Note: I use scipy 0.11 and cannot use the ckdtree solution (only kdtree) which I expect to be slower. Could anyone with scipy v0.12+ run this code?
import numpy as np
from scipy.spatial.distance import cdist, pdist
from scipy.spatial import ckdtree
from scipy.spatial import kdtree
def close_pairs(X,max_d):
d = cdist(X,X)
I,J = (d<max_d).nonzero()
IJ = np.sort(np.vstack((I,J)), axis=0)
# remove diagonal element
IJ = IJ[:,np.diff(IJ,axis=0).ravel()<>0]
# remove duplicate
dt = np.dtype([('i',int),('j',int)])
pairs = np.unique(IJ.T.view(dtype=dt)).view(int).reshape(-1,2)
return pairs
def condensed_to_pair_indices(n,k):
x = n-(4.*n**2-4*n-8*k+1)**.5/2-.5
i = x.astype(int)
j = k+i*(i+3-2*n)/2+1
return i,j
def close_pairs_pdist(X,max_d):
d = pdist(X)
k = (d<max_d).nonzero()[0]
return condensed_to_pair_indices(X.shape[0],k)
def close_pairs_triu(X,max_d):
d = cdist(X,X)
d1 = np.triu_indices(len(X)) # indices of the upper triangle including the diagonal
d[d1] = max_d+1 # value that will not get selected when doing d<max_d in the next line
I,J = (d<max_d).nonzero()
pairs = np.vstack((I,J)).T
return pairs
def close_pairs_ckdtree(X, max_d):
tree = ckdtree.cKDTree(X)
pairs = tree.query_pairs(max_d)
return pairs # remove the conversion as it is not required
def close_pairs_kdtree(X, max_d):
tree = kdtree.KDTree(X)
pairs = tree.query_pairs(max_d)
return pairs # remove the conversion as it is not required
methods = [close_pairs, close_pairs_pdist, close_pairs_triu, close_pairs_kdtree] #, close_pairs_ckdtree]
def time_test(n=[10,50,100], max_d=[5,10,50], iter_num=100):
import timeit
for method in methods:
print '-- time using ' + method.__name__ + ' ---'
for ni in n:
for d in max_d:
setup = '\n'.join(['import numpy as np','import %s' % __name__,'np.random.seed(0)','X = np.random.rand(%d,2)*100'%ni])
stmt = 'close_pairs.%s(X,%f)' % (method.__name__,d)
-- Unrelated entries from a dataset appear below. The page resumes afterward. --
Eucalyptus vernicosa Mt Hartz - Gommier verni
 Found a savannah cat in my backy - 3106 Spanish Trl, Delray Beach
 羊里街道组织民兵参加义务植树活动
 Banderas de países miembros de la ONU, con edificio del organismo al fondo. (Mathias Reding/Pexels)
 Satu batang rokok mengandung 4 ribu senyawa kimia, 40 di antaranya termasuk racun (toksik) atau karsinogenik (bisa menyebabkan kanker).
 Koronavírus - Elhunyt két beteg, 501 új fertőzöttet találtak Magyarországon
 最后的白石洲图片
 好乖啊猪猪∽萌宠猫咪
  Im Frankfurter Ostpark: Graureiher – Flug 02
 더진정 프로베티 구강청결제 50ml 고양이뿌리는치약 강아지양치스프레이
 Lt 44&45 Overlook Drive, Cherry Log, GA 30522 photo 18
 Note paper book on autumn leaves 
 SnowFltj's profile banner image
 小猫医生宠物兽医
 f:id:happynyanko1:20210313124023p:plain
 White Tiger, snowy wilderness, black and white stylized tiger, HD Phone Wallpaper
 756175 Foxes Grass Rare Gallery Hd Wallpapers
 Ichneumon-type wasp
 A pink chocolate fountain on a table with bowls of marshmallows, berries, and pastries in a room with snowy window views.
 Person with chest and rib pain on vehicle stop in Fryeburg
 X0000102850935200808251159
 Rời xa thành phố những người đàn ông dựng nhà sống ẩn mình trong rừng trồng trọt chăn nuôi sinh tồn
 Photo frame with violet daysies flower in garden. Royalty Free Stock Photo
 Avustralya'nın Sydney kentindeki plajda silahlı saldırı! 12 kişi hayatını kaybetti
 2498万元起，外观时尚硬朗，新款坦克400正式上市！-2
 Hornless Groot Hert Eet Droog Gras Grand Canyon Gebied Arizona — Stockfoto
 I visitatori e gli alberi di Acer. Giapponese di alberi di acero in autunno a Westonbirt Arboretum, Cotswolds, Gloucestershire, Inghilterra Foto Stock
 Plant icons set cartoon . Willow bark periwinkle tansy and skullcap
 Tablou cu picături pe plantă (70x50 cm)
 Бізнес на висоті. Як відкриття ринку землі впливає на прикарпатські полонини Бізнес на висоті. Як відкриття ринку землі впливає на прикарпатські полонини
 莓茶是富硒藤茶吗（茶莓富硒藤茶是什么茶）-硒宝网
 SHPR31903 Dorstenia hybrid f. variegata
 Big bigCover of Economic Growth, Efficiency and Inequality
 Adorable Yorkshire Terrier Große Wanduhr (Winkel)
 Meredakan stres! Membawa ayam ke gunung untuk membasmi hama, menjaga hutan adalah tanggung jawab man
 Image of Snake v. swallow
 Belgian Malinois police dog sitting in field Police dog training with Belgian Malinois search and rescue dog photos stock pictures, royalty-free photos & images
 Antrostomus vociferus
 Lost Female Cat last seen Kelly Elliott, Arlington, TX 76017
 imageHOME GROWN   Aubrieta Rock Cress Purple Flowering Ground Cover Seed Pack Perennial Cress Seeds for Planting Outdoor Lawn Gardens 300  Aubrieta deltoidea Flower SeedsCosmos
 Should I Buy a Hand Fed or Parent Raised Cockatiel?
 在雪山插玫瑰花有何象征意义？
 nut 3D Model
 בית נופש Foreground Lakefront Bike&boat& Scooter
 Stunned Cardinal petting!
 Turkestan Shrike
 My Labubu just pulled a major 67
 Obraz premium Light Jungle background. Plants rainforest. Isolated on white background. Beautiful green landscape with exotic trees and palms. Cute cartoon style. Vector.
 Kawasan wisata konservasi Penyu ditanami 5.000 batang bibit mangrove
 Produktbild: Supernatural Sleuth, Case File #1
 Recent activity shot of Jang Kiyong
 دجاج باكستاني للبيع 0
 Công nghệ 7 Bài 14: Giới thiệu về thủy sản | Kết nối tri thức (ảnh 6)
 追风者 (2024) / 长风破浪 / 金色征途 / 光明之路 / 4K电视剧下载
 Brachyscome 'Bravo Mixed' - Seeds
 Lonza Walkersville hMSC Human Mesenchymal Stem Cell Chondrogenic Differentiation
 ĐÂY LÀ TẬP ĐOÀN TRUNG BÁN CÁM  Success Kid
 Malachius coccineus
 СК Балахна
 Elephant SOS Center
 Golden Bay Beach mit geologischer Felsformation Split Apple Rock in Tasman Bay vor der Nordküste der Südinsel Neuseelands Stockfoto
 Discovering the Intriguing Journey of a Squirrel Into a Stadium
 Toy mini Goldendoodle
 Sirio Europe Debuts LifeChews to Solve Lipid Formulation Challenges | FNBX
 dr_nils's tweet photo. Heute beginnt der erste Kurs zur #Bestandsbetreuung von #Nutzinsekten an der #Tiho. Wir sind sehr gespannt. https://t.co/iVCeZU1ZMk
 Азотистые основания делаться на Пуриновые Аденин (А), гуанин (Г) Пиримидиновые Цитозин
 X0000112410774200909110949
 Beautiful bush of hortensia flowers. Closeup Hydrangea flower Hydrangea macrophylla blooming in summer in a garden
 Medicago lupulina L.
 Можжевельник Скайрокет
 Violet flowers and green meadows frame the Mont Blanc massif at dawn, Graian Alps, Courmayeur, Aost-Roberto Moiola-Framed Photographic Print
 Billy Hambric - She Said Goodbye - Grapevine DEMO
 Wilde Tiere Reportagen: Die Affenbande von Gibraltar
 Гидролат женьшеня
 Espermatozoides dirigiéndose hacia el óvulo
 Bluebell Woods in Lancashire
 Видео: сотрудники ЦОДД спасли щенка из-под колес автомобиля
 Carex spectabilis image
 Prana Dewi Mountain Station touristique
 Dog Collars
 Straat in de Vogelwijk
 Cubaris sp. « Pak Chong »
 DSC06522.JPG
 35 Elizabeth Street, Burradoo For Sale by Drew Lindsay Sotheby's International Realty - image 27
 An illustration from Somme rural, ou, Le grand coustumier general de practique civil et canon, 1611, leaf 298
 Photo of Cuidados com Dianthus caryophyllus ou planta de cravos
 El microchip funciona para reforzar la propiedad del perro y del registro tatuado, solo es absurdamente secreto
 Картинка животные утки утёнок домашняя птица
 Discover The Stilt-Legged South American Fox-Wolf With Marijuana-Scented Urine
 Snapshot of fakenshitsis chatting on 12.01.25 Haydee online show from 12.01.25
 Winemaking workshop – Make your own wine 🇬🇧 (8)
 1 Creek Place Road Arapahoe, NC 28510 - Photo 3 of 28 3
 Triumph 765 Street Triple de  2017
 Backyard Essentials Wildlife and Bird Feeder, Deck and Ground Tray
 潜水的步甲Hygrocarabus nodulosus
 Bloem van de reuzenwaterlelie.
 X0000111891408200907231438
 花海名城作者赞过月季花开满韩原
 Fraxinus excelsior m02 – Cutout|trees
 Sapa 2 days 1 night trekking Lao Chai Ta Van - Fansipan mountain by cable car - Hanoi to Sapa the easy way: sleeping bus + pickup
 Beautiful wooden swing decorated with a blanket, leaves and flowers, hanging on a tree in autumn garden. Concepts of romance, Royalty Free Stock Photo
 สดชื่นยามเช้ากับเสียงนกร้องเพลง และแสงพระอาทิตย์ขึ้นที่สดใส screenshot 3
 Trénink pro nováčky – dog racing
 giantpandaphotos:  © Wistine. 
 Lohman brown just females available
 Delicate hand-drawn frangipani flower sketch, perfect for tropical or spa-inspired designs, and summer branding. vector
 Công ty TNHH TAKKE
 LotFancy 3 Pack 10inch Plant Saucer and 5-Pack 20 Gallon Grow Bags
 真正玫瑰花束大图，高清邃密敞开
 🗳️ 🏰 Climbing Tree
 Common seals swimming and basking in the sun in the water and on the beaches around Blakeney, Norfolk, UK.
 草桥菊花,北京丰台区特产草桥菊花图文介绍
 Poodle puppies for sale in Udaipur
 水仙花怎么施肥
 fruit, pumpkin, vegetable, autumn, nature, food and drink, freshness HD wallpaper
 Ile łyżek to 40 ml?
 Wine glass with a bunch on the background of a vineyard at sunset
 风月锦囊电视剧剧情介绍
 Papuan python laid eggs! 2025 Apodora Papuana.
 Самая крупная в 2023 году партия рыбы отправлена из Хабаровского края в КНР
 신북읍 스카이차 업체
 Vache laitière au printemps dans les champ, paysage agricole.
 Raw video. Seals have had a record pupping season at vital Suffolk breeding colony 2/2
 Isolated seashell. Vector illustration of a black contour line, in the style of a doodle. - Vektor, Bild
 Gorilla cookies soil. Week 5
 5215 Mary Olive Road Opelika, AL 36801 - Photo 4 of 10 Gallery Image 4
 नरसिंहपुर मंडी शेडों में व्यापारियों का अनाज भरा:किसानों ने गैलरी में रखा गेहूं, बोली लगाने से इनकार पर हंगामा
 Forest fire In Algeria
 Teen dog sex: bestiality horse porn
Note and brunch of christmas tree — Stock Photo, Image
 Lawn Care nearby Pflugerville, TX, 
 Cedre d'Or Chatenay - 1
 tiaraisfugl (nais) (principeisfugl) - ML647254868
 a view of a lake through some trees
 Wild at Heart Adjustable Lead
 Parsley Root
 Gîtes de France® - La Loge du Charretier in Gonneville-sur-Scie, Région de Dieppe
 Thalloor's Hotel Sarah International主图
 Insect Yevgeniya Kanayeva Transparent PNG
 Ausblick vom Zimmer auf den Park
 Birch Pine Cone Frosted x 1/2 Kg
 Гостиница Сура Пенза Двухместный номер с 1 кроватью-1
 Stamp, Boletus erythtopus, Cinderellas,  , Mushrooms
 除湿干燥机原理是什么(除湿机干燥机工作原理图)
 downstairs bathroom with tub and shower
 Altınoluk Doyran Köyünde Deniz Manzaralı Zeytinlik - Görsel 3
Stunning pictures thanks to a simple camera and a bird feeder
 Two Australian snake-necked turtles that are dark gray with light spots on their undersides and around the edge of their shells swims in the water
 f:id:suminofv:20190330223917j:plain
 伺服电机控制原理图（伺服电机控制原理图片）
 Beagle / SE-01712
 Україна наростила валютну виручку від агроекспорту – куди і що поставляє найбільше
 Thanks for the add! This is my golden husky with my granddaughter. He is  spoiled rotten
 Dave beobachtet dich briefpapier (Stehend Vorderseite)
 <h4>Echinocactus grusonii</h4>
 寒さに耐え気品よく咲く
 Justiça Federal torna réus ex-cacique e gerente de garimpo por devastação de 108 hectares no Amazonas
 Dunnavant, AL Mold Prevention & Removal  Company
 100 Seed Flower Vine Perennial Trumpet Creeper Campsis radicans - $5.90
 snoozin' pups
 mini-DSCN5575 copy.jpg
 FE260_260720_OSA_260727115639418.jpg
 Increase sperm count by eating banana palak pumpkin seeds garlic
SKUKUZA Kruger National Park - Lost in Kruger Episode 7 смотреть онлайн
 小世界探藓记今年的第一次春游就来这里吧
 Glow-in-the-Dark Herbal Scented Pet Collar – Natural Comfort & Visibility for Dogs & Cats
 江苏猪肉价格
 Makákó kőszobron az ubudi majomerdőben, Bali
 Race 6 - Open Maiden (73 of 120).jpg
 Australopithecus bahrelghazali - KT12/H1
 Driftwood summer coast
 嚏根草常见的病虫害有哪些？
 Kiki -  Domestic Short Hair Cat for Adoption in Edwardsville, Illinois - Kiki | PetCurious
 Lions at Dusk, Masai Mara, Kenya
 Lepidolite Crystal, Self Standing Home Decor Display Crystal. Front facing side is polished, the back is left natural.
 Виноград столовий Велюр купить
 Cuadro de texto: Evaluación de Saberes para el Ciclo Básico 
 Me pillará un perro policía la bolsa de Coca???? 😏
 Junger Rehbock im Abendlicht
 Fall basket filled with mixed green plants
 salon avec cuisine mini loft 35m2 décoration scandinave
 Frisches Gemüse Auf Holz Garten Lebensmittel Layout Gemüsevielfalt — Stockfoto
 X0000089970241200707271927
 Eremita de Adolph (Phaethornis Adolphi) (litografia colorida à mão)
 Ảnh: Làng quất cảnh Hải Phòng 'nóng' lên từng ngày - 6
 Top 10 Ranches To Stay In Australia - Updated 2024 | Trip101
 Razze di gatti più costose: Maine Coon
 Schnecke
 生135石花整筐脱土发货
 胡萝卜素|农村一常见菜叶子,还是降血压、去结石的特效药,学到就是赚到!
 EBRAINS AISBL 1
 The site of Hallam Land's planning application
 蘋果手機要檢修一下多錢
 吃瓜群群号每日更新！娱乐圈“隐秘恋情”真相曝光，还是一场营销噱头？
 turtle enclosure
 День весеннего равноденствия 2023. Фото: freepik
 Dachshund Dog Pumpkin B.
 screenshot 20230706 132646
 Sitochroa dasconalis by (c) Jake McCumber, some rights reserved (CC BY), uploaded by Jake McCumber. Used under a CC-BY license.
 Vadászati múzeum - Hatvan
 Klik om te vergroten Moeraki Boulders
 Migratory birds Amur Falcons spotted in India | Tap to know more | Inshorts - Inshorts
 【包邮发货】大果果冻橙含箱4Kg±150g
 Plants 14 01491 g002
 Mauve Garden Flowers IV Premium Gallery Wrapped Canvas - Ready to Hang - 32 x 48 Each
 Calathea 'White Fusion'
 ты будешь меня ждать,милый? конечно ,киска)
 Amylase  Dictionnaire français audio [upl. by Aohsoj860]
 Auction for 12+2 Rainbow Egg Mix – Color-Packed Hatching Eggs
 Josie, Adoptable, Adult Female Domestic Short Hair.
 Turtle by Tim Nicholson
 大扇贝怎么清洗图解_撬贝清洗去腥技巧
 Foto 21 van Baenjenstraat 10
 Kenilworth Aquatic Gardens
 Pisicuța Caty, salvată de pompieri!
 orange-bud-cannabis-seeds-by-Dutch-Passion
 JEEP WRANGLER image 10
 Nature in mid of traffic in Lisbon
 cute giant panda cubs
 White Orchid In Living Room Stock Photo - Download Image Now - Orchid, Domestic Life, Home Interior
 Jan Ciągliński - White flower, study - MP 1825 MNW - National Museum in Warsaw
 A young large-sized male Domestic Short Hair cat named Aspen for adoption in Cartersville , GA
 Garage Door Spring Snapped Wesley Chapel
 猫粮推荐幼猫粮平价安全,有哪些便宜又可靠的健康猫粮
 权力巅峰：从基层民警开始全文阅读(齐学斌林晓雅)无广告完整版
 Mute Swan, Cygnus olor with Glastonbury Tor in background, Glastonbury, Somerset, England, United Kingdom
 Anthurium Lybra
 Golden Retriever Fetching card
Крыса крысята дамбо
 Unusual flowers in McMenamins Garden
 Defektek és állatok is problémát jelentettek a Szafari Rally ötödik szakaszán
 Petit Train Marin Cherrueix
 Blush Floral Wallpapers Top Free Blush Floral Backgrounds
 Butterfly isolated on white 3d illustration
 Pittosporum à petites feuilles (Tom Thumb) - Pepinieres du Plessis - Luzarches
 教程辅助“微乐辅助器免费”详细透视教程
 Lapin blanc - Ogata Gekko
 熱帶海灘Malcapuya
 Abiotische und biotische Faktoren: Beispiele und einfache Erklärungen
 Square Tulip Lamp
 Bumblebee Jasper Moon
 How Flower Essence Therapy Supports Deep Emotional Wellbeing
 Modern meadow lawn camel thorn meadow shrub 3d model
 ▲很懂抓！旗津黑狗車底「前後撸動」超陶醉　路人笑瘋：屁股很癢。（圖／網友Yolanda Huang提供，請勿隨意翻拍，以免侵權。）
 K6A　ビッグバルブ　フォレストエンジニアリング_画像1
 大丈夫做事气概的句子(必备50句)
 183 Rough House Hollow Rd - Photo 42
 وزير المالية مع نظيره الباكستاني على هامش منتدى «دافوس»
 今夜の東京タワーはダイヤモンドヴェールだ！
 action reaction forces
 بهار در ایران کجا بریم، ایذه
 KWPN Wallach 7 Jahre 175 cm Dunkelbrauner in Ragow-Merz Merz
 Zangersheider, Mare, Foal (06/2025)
time = timeit.timeit(stmt=stmt, setup=setup, number=iter_num)/iter_num
print 'n=%3d, max_d=%2d: \t%.2fms' % (ni, d,time*1000)
Output of time_test(iter_num=10,n=[20,100,500],max_d=[1,5,10]) are:
-- time using close_pairs ---
n= 20, max_d= 1: 0.22ms
n= 20, max_d= 5: 0.16ms
n= 20, max_d=10: 0.21ms
n=100, max_d= 1: 0.41ms
n=100, max_d= 5: 0.53ms
n=100, max_d=10: 0.97ms
n=500, max_d= 1: 7.12ms
n=500, max_d= 5: 12.28ms
n=500, max_d=10: 33.41ms
-- time using close_pairs_pdist ---
n= 20, max_d= 1: 0.11ms
n= 20, max_d= 5: 0.10ms
n= 20, max_d=10: 0.11ms
n=100, max_d= 1: 0.19ms
n=100, max_d= 5: 0.19ms
n=100, max_d=10: 0.19ms
n=500, max_d= 1: 2.31ms
n=500, max_d= 5: 2.82ms
n=500, max_d=10: 2.49ms
-- time using close_pairs_triu ---
n= 20, max_d= 1: 0.17ms
n= 20, max_d= 5: 0.16ms
n= 20, max_d=10: 0.16ms
n=100, max_d= 1: 0.83ms
n=100, max_d= 5: 0.80ms
n=100, max_d=10: 0.80ms
n=500, max_d= 1: 23.64ms
n=500, max_d= 5: 22.87ms
n=500, max_d=10: 22.96ms
-- time using close_pairs_kdtree ---
n= 20, max_d= 1: 1.71ms
n= 20, max_d= 5: 1.69ms
n= 20, max_d=10: 1.96ms
n=100, max_d= 1: 34.99ms
n=100, max_d= 5: 35.47ms
n=100, max_d=10: 34.91ms
n=500, max_d= 1: 253.87ms
n=500, max_d= 5: 255.05ms
n=500, max_d=10: 256.66ms
Conclusion:
The overall fastest method is close_pairs_pdist
The initial method is relatively fast, but sensitive to both the number of samples and the percentage of pairs to return
both the close_pairs_triu and close_pairs_kdtree are sensitive to the number of samples but relatively insensitive to the number of outputs.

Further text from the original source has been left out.